One area where the Loon is deeply uncertain surrounds “local cataloging practice.” She believes that quite a bit of “local practice” is camouflaged usability engineering of rigid and poorly-thought-through OPAC record displays. With any luck at all, that work will move out of cataloging practice (where it truly, truly does not belong; catalogers should not have to be bothered with this!) and into UX design and software engineering. The rest of “local practice?” Well, the Loon doesn’t really understand it, so she doesn’t know how much of it will no longer be needed, nor how much of what’s left will create WEMI issues.

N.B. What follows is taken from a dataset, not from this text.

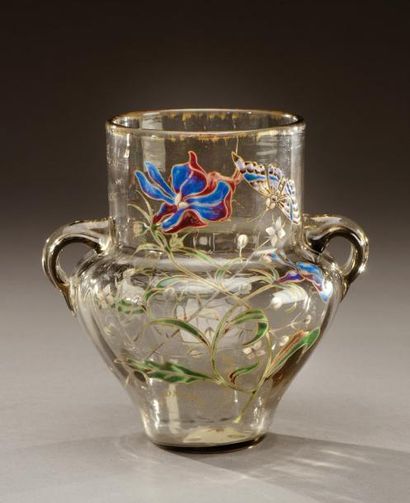Émile GALLÉ (1846-1904) Vase à panse bombée col droit et anses appliquées à chaud...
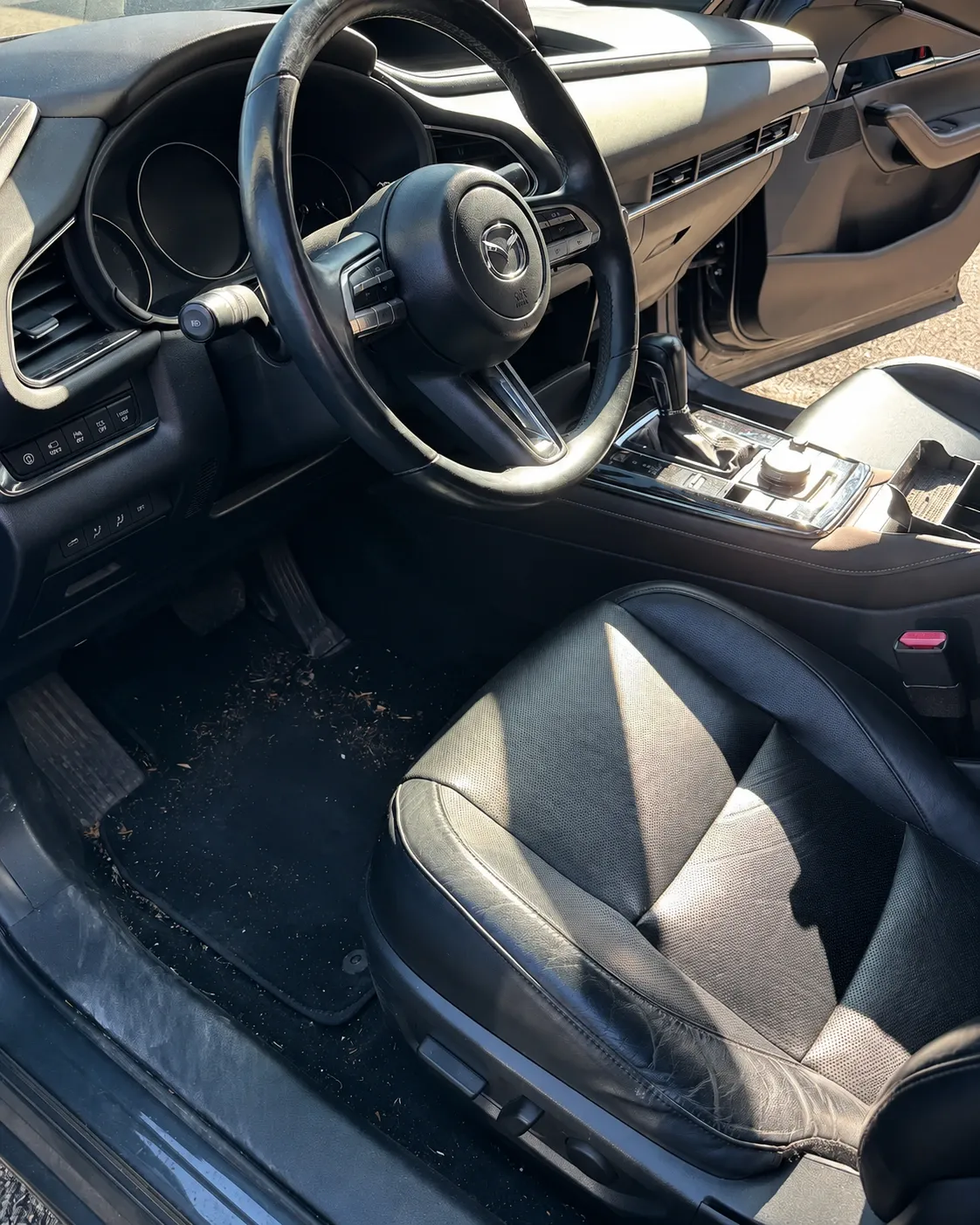 Avant nettoyage : habitacle Mazda encrassé, tapis souillés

Do please explain to the Loon all the bits of this she’s wrong about in the comments. Even if that’s all the bits, as may well be. She’s got to build up that mental model somehow.

2 thoughts on “Ramblings on FRBR Group 1

  1. LibraryLoon Post author

    Re filiation: On consideration, the Loon isn’t sure that WEMI captures all the possibilities. It’s stretching matters somewhat to say that everything touching on Don Juan in every genre in every language everywhere traces back to El burlador de Sevilla; at some point, Don Juan took on a life of his own, wholly divorced from Tirso’s morality play. And what about myths whose origins are lost? Or folklore, where origin is rarely clear to begin with, and whose scholars do not (insofar as the Loon understands folkloric practices) model direct influence anyway?

    Eh. Perhaps these concerns aren’t strictly bibliographic, and the Loon is overintellectualizing. Nonetheless.

  2. Ross Singer

    You raise even more perils in adhering strictly to the WEMI model! I hadn’t even thought about the lack of expertise of relating between endeavors (and how many surrogate resources might need to be created in order to describe that two directly unrelated endeavors derive from a third ur-Work. Ugh.

    My concern around the blank nodes could be circumvented by having properties that shortcut us around the missing pieces. A way to link Manifestations to their Works without contriving an Expression, etc.

    Of course, I’m not sure J. Random even knows or cares what a Manifestation is and I am pretty certain he doesn’t know (or care!) what properties are associated with it vs. the Expression or Work (sacre bleu! You associated the author to the Manifestation! No! Language? Are you mad? Technically speaking, a Manifestation shouldn’t even have a title — unless it differs from the Work for some reason). I am fairly confident that J. Random’s citation manager (or whatever) will not be interested in these distinctions, instead modeling “Book”. How do we link to that?

    Mind you, far from being a cataloger, I’m not even a librarian, so my wrongheadedness may be even more prominent (it rears itself far more often than I would like, unfortunately), but I do think what we’re talking about here are legitimate concerns and I don’t think they’re really being addressed.